Bread was made on the premises and consisted of baguette, country bread, brioche, olive bad and tomato bread. These were of a very high standard, the texture lovely, the respective flavours coming through strongly (19/20). Amberjack and crab marinated with local mandarin oranges was served with a selection of baby vegetables and a citrus sauce flavoured with honey and thyme. The crab was very fresh, the amberjack had good flavour and was not dominated by the orange, whilst the baby vegetables were excellent. This was a simple but enjoyable dish (18/20).
Baby lobster and sea mullet were served in two ways. First they were cooked in seawater, served with caviar and salicornia salad with verbena, with leaves infused in shellfish broth. The second way was served cold with yuzu marinade and a sauce of the coral with verbena. The lobster was tender, the caviar a good match for the lobster, though for me the verbena was too strong; it is a powerfully aromatic ingredient and needs to be carefully controlled, but here rather dominated the dish (17/20).
Zitone pasta was filled with summer truffles and foie gras, with violet artichokes flavoured with Thai basil.
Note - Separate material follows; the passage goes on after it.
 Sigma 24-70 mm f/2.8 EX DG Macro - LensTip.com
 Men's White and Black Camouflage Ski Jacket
The pasta was quite al dente, the over flavour not too strong, the artichokes an interesting contrast (18/20). Sea bass with thin slices of braised Spanish prawns came with a dressing of tomato, clams and lime, smoked courgette and oregano. The fish was carefully cooked, the lime refreshing, though the courgette did not seem to add much to the dish (17/20).
At this stage there was a palate cleanser of thyme sherbet ice with fennel heart sorbet, with absinthe poured over at the table. Although this region apparently has a tradition of such things, I have never been convinced about the wisdom of plate cleansers, which to me interrupt the flow of the meal and can be jarring with their intervention of sweetness between savoury courses. In this particular case I found the absinthe very strong, the thyme and fennel having a cough mixture-like flavour that I simply did not enjoy.
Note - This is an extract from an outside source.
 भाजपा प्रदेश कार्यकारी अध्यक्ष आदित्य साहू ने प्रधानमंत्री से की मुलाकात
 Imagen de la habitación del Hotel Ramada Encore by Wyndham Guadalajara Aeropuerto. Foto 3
Blue lobster and guinea fowl was served in a vegetable and herb stew, flavoured with basil and pink ginger. The guinea fowl had excellent flavour, the lobster was tender, though an unannounced parcel of liver in spinach leaves was extremely powerful, a sledgehammer flavour when tasted with the guinea fowl and shellfish. It seems to me perfectly reasonable to introduce liver into such a dish, but this was just too strong (16/20). Local goat and sheep cheese were served with pear, saffron and honey. The cheese was pleasant, though I was not sure how well the honey worked with the cheese, albeit there was balancing acidity from the pear.
Granny Smith apple soufflé was technically very good, cooked evenly through with plenty of apple flavour, though for me the lime with it was a little too strong, so you tasted more lime than apple. This was served with marmalade of apple with apple sorbet and apple crisps, though these were not as crisp as I was expecting. This was a good though not flawless dessert (17/20). Coffee was excellent, served with a selection of petit fours. Chocolate with banana was an acquired taste, a financier had good texture and mercifully subtle Earl Grey tea flavour, and macaroon of lemon and nuts had nice texture.
Service was superb, our waitress enthusiastic and efficient. The bill came to €400 (£335) a head including wine, water and pre-dinner drinks, which is hardly a bargain. If you ordered a modest wine and went a la carte then your bill would come to around €280 (£235) a head. Overall, the food here used top class ingredients and the dishes were strong technically, but for me there were a few slightly jarring notes throughout the meal that brought the overall experience down a notch. Eating in the Riviera is rarely cheap, but this is an awful lot of money for a meal, and for me it did not compare well with three star restaurants in Paris like Ledoyen or Arpege, nor indeed with the nearby Louis XV.